What are the main principles behind WCAG 2.0?
Earlier, we discussed the WCAG 2.0 (Web Content Accessibility Guidelines 2.0), which represent a set of internationally recognized guidelines for making web content more accessible to people living with disabilities. We covered the primary principle of perceptibility. The 4 principles of the WCAG rules are: perceptible, usable, understandable, and robust.
Second principle of the rules: Usability
Functionalities must be usable by everyone, including those using assistive technologies such as screen readers or alternative control devices. This includes elements such as keyboard navigability, predictability of behavior, ease of navigation and elimination of disruptive elements. Here are a few specific examples of how this principle can be applied:
- If keyboard movement requires more than the use of a simple arrow or tab key, the user must be offered an alternative.

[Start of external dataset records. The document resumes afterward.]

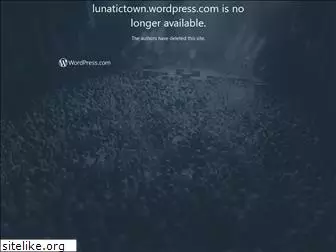 lunatictown.wordpress.com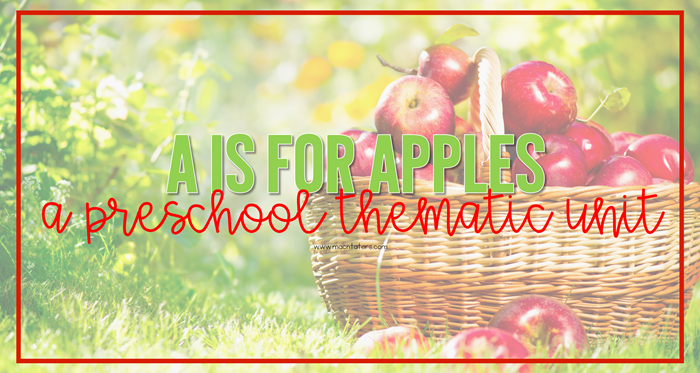 Apple Tot School and Preschool Plans and resources
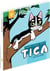 Tica Tome 1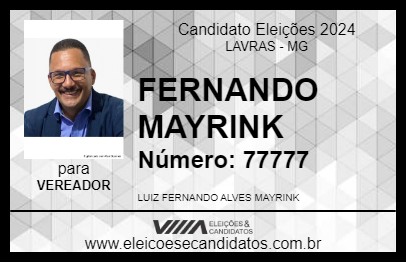 Candidato FERNANDO MAYRINK 2024 - LAVRAS - Eleições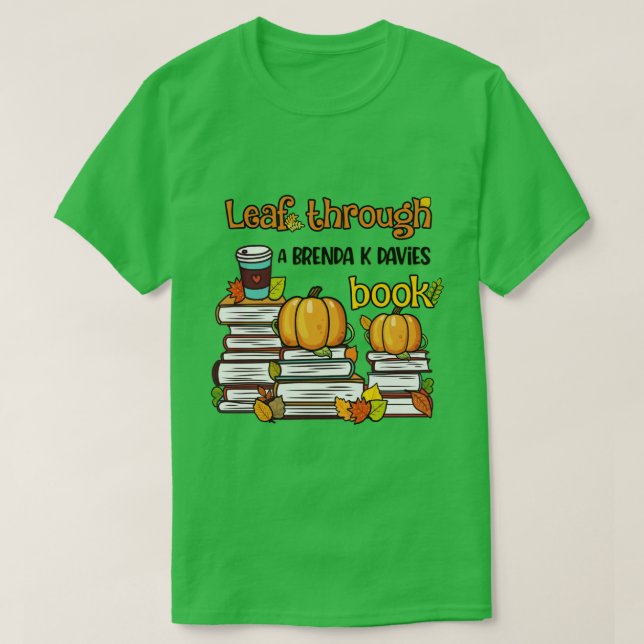 Leaf Through A Brenda K Davies Book T-Shirt (Design Front)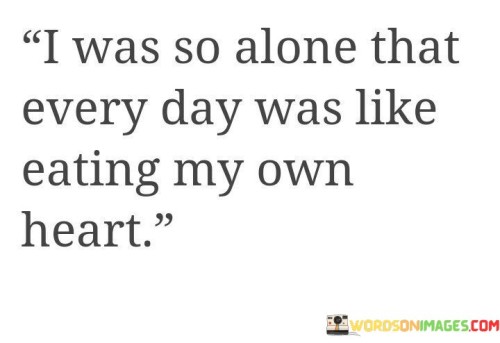 I-Was-So-Alone-That-Every-Day-Was-Like-Eating-Quotes.jpeg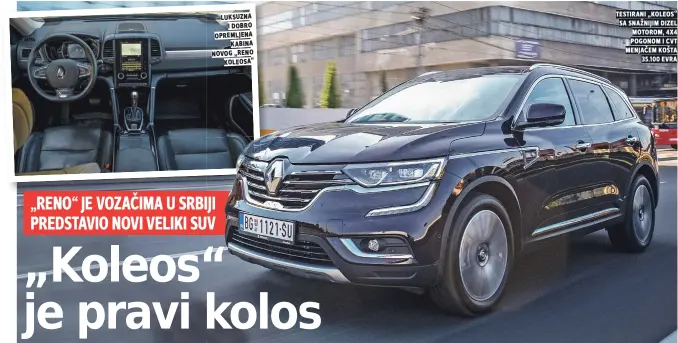  ??  ?? luksuzna i dobro opremljena kabina novog „reno koleosa“ testirani „koleos“sa snažnijim dizel motorom, x pogonom i cvt menjaČem košta . evra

- Speed of execution or typing rhythm should not be required but rather be specific to the user. Therefore, the time allowed to complete a task should not be a requirement of any given activity.
- To avoid disrupting the user’s workflow, potentially disturbing elements such as repetitive flashes should be avoided.
- Users must be provided with orientation elements to help them navigate, find content, and orient themselves. Section headings are one example.
Third rule principle: Understandable
Content and operation must be comprehensible to all. This means using clear, simple language, providing explicit instructions and error messages, and organizing content logically. There are a few best practices for making the user interface understandable:
- Words that might be ambiguous, unfamiliar, or used in a domain-specific way should appear in a list of definitions, in a glossary or in some other appropriate way.
- A term usually referred to by an abbreviation is written in its full form the first time it is used, paired together with the usual abbreviation, and its definition if required.
- If the pronunciation of a word is vital to understanding its meaning, the pronunciation is given immediately after the word or via a glossary and sound link, as appropriate.
- Users can choose to disable any type of substantial change, such as the appearance of a pop-up window or dialog box, an unexpected modification or any other change that might disorientate them or disrupt their path.
Web content must be robust enough to be correctly interpreted by a wide variety of users and intelligible to assistive technologies. This means using standardized technologies and avoiding coding practices that could lead to conflicting interpretations.
Fourth and final rule principle: Robustness
Transposing non-accessible content into content that is poses certain challenges. For some existing content, this is an unavoidable operation. The easiest and most effective way of addressing these challenges, however, is to design all new content in accessible terms from the outset.
You are now familiar with every principle associated with success criteria for achieving specific accessibility compliance objectives. It’s now up to you to apply them in your next training programs, so that as many collaborators as possible can have full access to all available information!